Imam Tawang selaku jenderal lapangan aksi Garik menyatakan, ada kejanggalan dari persoalan kepala lingkungan. Kepala lingkungan yang lama yakni MS sudah diberhentikan namun masih menjalankan tugasnya serta menerima honor dari jabatannya itu.
Di sisi lain, pemerintah kelurahan telah melakukan pengangkatan kepala lingkungan baru yakni MAB, tapi tidak menjalankan tugasnya lantaran kepala lingkungan lama masih ada.
Salah satu ulah kepala lingkungan lama terpantau masyarakat setelah lurah Bontomanai memposting kepala lingkungan lama sedang menandatangani sebuah akte tanah dan menerima honornya yang semestinya honor tersebut, sudah menjadi hak bagi kepala lingkungan baru setelah penunjukannya. Postingan kegiatan itu dilakukan lurah di status WhatsApp pada 17 Mei 2025 pagi.

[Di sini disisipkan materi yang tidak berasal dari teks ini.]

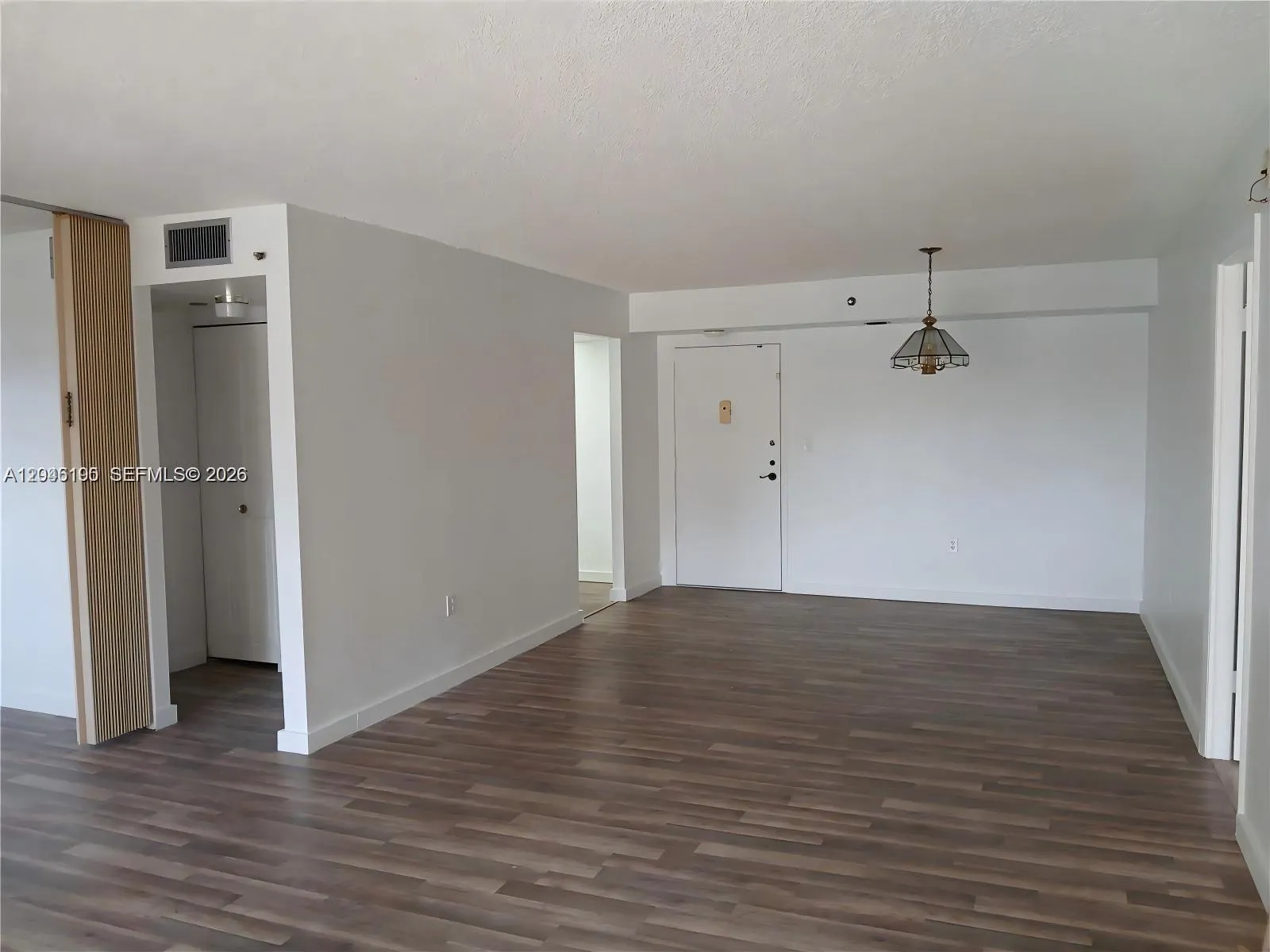 Foto de propiedad en 1300 Saint Charles Place 222, Pembroke Pines, FL 33026 Pembroke Pines con MLS#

”Karena itu, kami Garik atau gerakan aktivis dan rakyat intelektual melakukan aksi protes ini karena kami anggap sangat tidak sesuai dengan peraturan yang berlaku. Kami minta bapak Camat Bontomarannu tegas dalam menyikapi masalah ini agar tidak ada dualisme kepala lingkungan. Dan pengangkatannya harus jelas, transparan serta tidak boleh ada titipan-titipan siapapun, biarkan kami memilih kepala lingkungan sendiri yang tentunya punya kapabilitas dan kapasitas dan mau bekerja. Kami netral dalam hal ini,” sebut Imam dalam orasinya di depan kantor Pemerintah Kecamatan Bontomarannu.

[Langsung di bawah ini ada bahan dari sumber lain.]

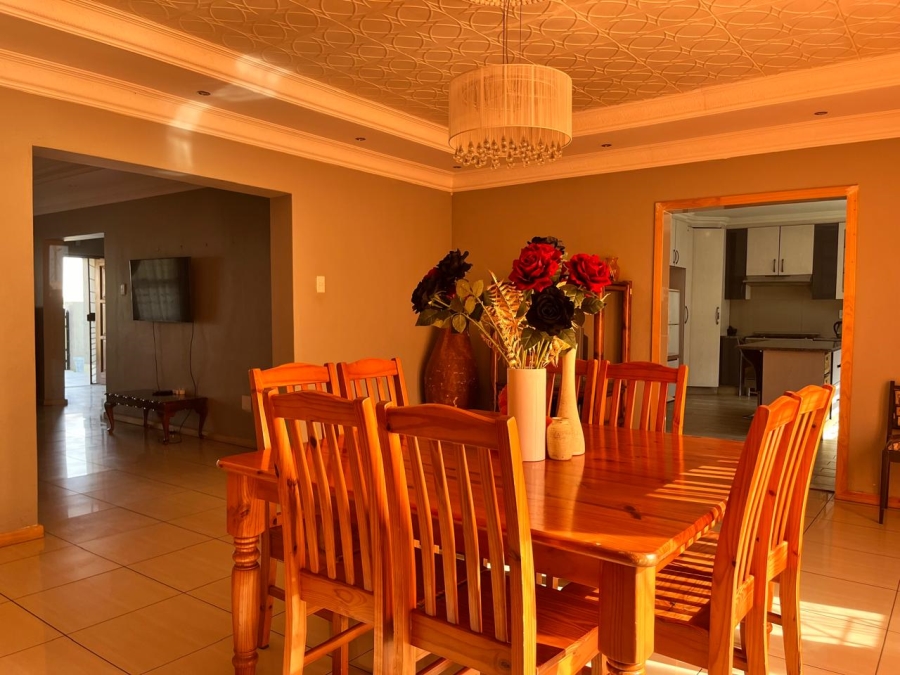 5 Bedroom Property for Sale in Geluksdal Gauteng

Suasana aksi Gerik berlangsung dalam kondisi mendung dan gerimis. Kapolsek Bontomarannu AKP Suhardi bersama jajarannya mengawasi jalannya aksi dan mengatur arus lalulintas agar tidak macet.
Sementara Camat Bontomarannu, Muh Syafaat Surya Atmaja bersama Sekcam, Muh Rizal, dengan cermat mendengarkan orasi para aktivis secara bergantian di halaman kantor kecamatan.

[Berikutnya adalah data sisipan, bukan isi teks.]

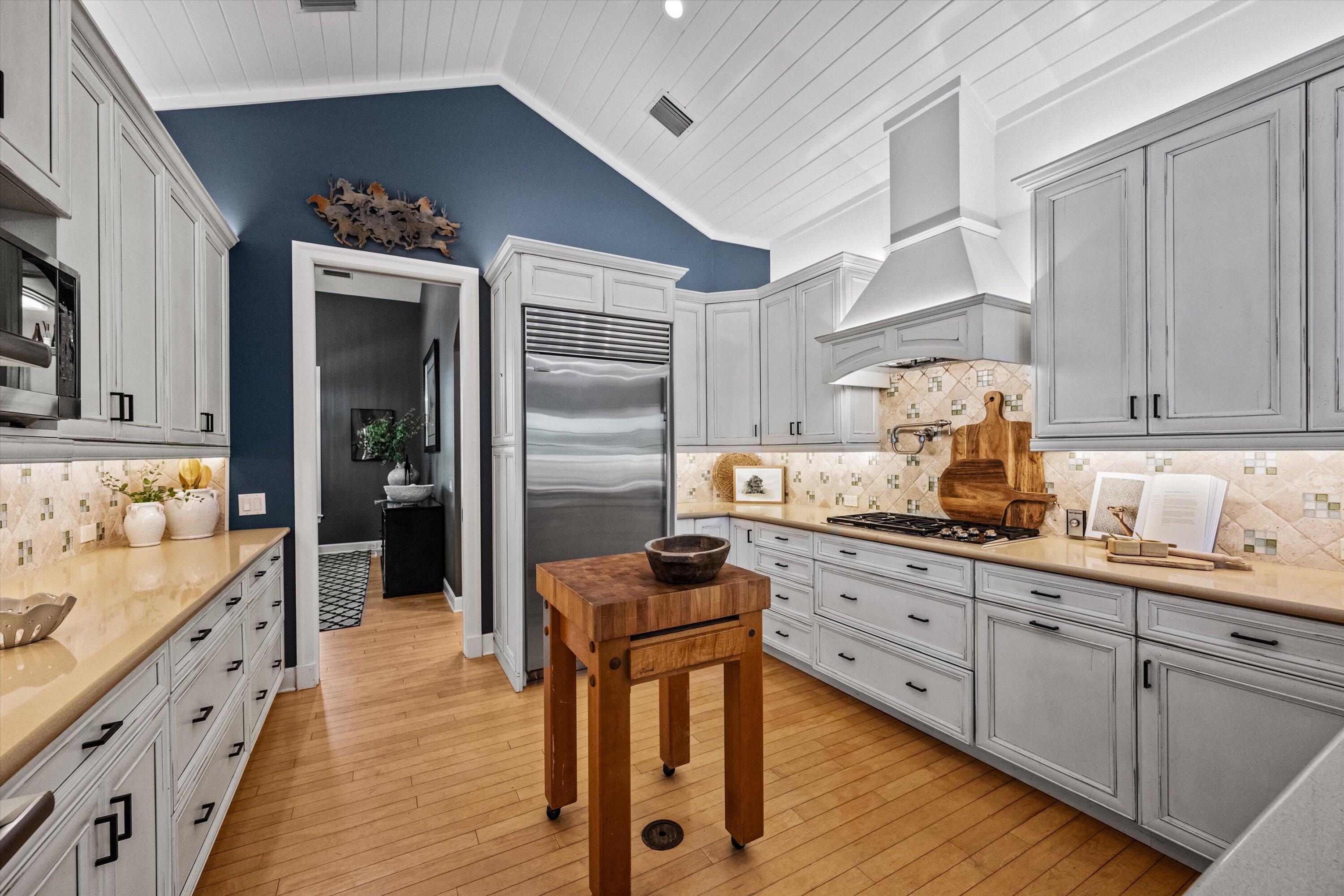 PADDOCK PARK 2 OF WELLINGTON - Residential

Sebelum aksi demo ini bubar dan kembali ke titik kumpul di Bontomanai, Camat Bontomarannu Muh Syafaat Surya Atmaja memberikan penjelasan untuk menjawab aspirasi Garik tersebut.
”Sebagai pemerintah kecamatan saya sangat mengapresiasi penyampaian aspirasi para aktivis dan warga yang cukup tertib ini. Insya Allah dalam waktu segera saya akan memanggil Lurah Bontomanai untuk meminta penjelasan dan kejelasan terkait kepala Lingkungan Cambaya ini. Ini tidak boleh berlarut-larut tanpa penyelesaian. Harus segera diselesaikan,” kata Syafaat.
Camat Bontomarannu mengatakan, lurah Bontomanai harus membangun komunikasi dengan baik terhadap semua komponen masyarakat di wilayahnya. Lurah harus menyelesaikan masalah ini di bawah dan dimusyawarahkan.
”Kalau ada yang persoalkan masalah kepala lingkungan ini, itu berarti ada sesuatu. Kenapa bisa begitu? Ini harus dikomunikasikan. Kita harus bisa berkomunikasi dengan masyarakat dengan baik. Masalah yang berat pun bisa diselesaikan. Kita harus transparansi. Jadi intinya adalah komunikasi, sehingga mudah dapat solusi. Harus dimusyawarahkan di masyarakat,” kata camat Bontomarannu.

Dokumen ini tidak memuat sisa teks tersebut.